Disaster’s Playing Field

Two nights ago, I lay awake at 2 am listening to the howling wind. It was hot and dry, and blowing at night no less. Usually the winds die down by dusk. Even more importantly, this stuff is supposed to be done with by the middle of May. This year, we’re coming up on July and the wind is still blowing relentlessly.

If this is just an abnormal year, that’s totally fine. Abnormal means we have a normal to return to. Some year’s it’s hot. Some it’s cool. In the end it all works out. But if this (or something like it) is the new normal, I believe we may be in trouble. Here, unless you’re really good you can’t successfully dry farm under these conditions.

Dry farmers in this part of the Plateau depend on the pulse of moisture that arrives in January and February. If you’re lucky it soaks in and permeates deep layers of clay. If you’re even more lucky, you get a light pulse of rain in April or May that will jump start the seeds when you put them in. Even when the winds hit in May, the corns are well enough adapted to withstand it.

But when the winds blow through June, you can’t even get out there to plant. And if you do, the old moisture is evaporating so quickly out of the soil that the tap roots may not be able to chase it down fast enough. And if the winds blow through July, well, hardly any plant can survive that.

Or rather, they can if it comes upon them slowly. Technically speaking, dry land farming is, in part, about applying gradual selective pressure to seed stock so that over time it can evolve to withstand extreme environmental conditions. But that’s not what’s going on. Last year, the winds quit at the beginning of June. Now it’s four weeks later. Plants may not be able to adapt quickly enough.

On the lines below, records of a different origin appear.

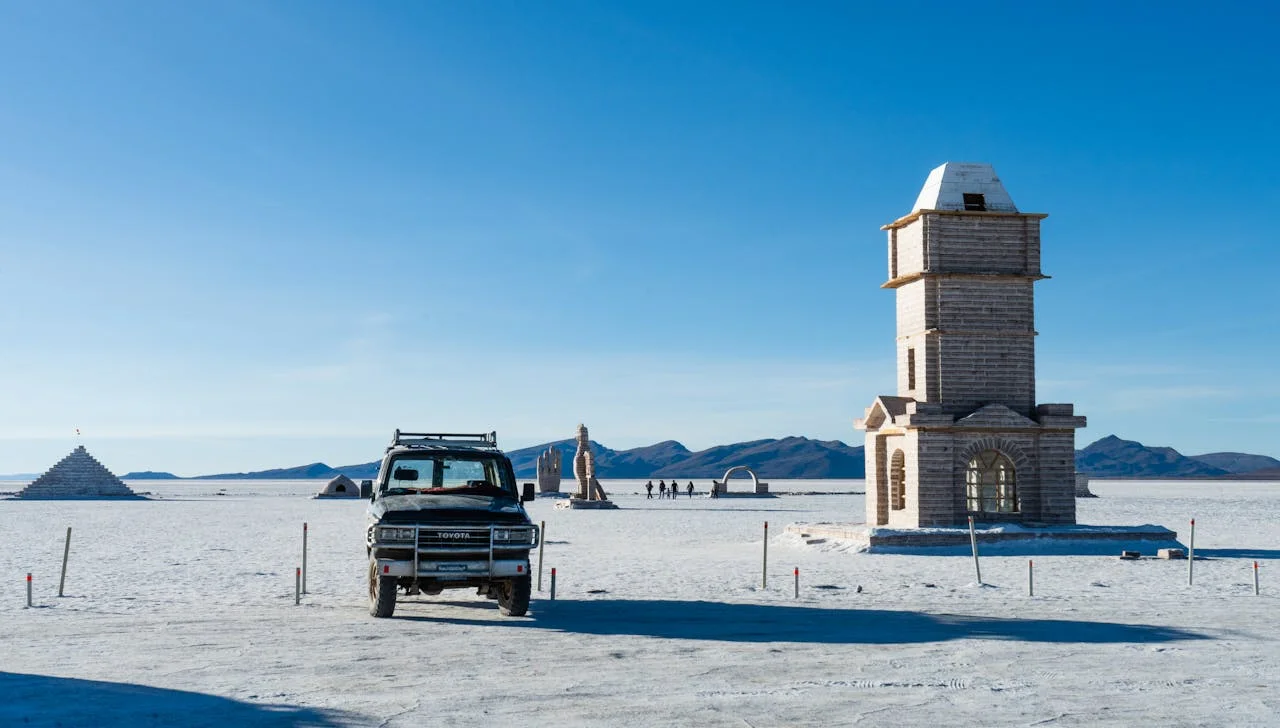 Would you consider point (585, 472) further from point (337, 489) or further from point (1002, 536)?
point (1002, 536)

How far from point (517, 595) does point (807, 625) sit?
3902 millimetres

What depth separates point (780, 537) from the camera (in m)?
32.9

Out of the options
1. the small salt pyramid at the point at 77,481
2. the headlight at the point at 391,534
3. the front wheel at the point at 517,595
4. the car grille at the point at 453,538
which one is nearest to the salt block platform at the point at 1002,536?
the front wheel at the point at 517,595

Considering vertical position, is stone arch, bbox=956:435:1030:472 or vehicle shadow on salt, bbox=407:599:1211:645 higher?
stone arch, bbox=956:435:1030:472

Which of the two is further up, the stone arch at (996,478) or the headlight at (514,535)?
the stone arch at (996,478)

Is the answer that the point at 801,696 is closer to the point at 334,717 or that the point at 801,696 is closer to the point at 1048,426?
the point at 334,717

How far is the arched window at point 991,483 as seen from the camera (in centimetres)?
3123

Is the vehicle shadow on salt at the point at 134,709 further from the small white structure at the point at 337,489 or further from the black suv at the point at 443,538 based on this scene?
the small white structure at the point at 337,489

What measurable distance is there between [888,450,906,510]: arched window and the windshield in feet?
58.4

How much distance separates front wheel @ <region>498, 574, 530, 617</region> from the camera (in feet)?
51.0

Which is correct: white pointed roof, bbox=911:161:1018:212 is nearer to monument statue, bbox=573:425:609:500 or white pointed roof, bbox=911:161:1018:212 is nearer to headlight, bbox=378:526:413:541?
headlight, bbox=378:526:413:541

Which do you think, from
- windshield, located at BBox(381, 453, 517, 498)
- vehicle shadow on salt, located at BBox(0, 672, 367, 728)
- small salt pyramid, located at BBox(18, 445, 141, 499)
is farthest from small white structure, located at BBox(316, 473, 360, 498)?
vehicle shadow on salt, located at BBox(0, 672, 367, 728)

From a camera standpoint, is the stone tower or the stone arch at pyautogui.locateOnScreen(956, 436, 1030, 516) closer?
the stone tower

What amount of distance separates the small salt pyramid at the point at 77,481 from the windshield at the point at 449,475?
7826 cm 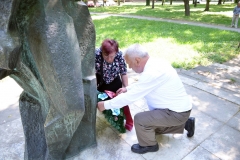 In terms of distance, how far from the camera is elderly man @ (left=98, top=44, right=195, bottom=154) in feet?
7.24

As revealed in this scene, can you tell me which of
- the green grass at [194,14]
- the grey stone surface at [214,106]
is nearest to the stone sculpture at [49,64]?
the grey stone surface at [214,106]

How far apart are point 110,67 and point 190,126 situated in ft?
4.11

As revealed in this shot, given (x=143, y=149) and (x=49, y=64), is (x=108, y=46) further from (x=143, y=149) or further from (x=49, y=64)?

If this is the first sign of our agriculture being suddenly bludgeoned to death, we can’t stand on the sidelines. Now’s the time to jump onto the playing field. Why? Because extreme conditions breed extreme diversity. You see it in edge ecologies – biomes that exist on the edge of a stable ecosystem evolve much more quickly with far stranger and exotic and powerful results.

This morning I was out hoeing and I caught sight of my Hopi neighbor watering his corn. It’s pretty much a daily routine for him, almost to the point where you might as well consider it aquaculture. I have to hand it to him, though. One, he’s farming. A lot of people are not. Two, he cares enough to keep his stuff alive at all cost. Three, he’s been maniacal about keeping his yard clear of ragweed and Russian thistle (which few people do around here). I’m highly allergic to both and his house is upwind of mine, so he’s graciously saving me from a huge autumn headache.

We’re growing for completely different things, though. He’s growing for corn. I, on the hand, am growing for resilience and strength. I don’t need a hundred ears. I just need few. In general, I’m not watering. On the worst wind days I’ve applied a cup or two of water just to keep a few of the plants alive. I don’t even necessarily want to keep them all alive, just the strongest. Let the environment dish out everything that it can. The few plants that survive, why, they’ll be the ones. I want something capable of a deep taproot and extreme resilience in the face of catastrophic wind. Overall, this kind of farming/gardening is a terrifying tightrope to balance.

Hopi corns are very smart. Smarter even than a lot of people I know. It figures out conditions quickly and responds physically just as fast. But even so, I fear the conditions may be changing even faster. I need to goose my plants just enough for them to stay alive, but not too much to drive them out of the race.

In the face of a looming disaster, our human lives may depend on it.